Percorsi lenti e tortuosi
 

Abbiamo raccolto tutto il libro di Qohelet - Ecclesiaste finora attorno a sette malattie dello spirito e della vita: quelle della parola, dell’azione, della sapienza, della storia, della società, dell’esistenza.
L’ultima e più grave crisi è quella che colpisce la religione.
Dio è sentito lontano e freddo.
La sua opera contiene in sé un’incomprensibilità tale da spegnere ogni interrogativo e rendere vana non solo la contestazione, ma anche ogni tentativo di decifrazione. Significativa è l’unica dichiarazione strettamente religiosa di Qohelet (4,17-5,6) riguardante il culto e i voti: «Quando pronunci parole davanti a Dio, non essere precipitoso con la bocca e frettoloso col pensiero: Dio è nei cieli e tu stai sulla terra! Perciò, poche parole! » (5,1). L’uomo «non può contendere con chi è più forte di lui» (6,10) e deve rassegnarsi. «Come ignori per qual via lo spirito vitale entri nelle membra del ventre gravido, così ignori l’azione di Dio che fa tutto» (11,5). Di fronte a tale visione ogni dialogo con Dio si blocca o si riduce a “poche parole”.
Come possiamo, a questo punto, definire Qohelet “parola di Dio”? O ancora, come ha fatto il Canone delle Sacre Scritture, e quindi la comunità giudaica e cristiana, ad accogliere al proprio interno un testo così “scandaloso”?
La risposta può essere duplice.
Innanzitutto si deve ricordare che per la Bibbia la parola divina s’incarna e si esprime attraverso la storia e l’esistenza.

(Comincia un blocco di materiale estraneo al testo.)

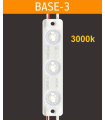BASE-3 Chaîne de 20 modules 0,96w/module blanc chaud 3000k 12V IP66 160°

Essa, perciò, acquista anche rivestimenti miseri, può farsi domanda, supplica (Salmi), violenza (in molti testi storici), persino imprecazione (Giobbe) e dubbio (in Qohelet). Si vuole, così, affermare che nella stessa crisi dell’uomo e nel silenzio di Dio si può nascondere una parola, una presenza, un’epifania segreta divina.
Il terreno umano dell’interrogativo amaro può essere misteriosamente fecondato da Dio.
La rivelazione, quindi, può passare attraverso le oscurità di un uomo come Qohelet, disincantato e in crisi di sapienza, ormai vicino alla frontiera del silenzio e della negazione. Il silenzio di Dio e della vita non è per la Bibbia necessariamente una maledizione, ma è una paradossale occasione d’incontro lungo strade inedite e sorprendenti. Qohelet è, dunque, la testimonianza di un Dio povero che ci è vicino, non in virtù della sua onnipotenza, ma della sua “incarnazione”, ed è in questa fratellanza che salva e si rivela.
La parola “ispirata” di Qohelet è da interpretare, in secondo luogo, alla luce della concezione generale della storia della salvezza che la Bibbia ci offre. Essa è, sì, direzionale; ha una meta di pienezza che per il Nuovo Testamento si compie in Cristo, ma conosce un percorso sinusoidale, che comprende soste e traiettorie tortuose, tappe lente e oscure.
Qohelet esprime la realtà che è costante nella storia umana ma è anche come un’attesa e una proiezione verso una meta più alta che spezzi la ripetizione.
Padre David M. Turoldo si rivolgeva al nostro sapiente così: «... O Qohelet: / mai la stessa onda si riversa / nel mare e mai / la stessa luce si alza sulla rosa: / né giunge l’alba / che tu non sia / già altro!». E, infatti, subito dopo Qohelet, nella Bibbia s’incontra il Cantico dei Cantici, che è la celebrazione della novità, della sorpresa, della freschezza della vita, della speranza e dell’amore.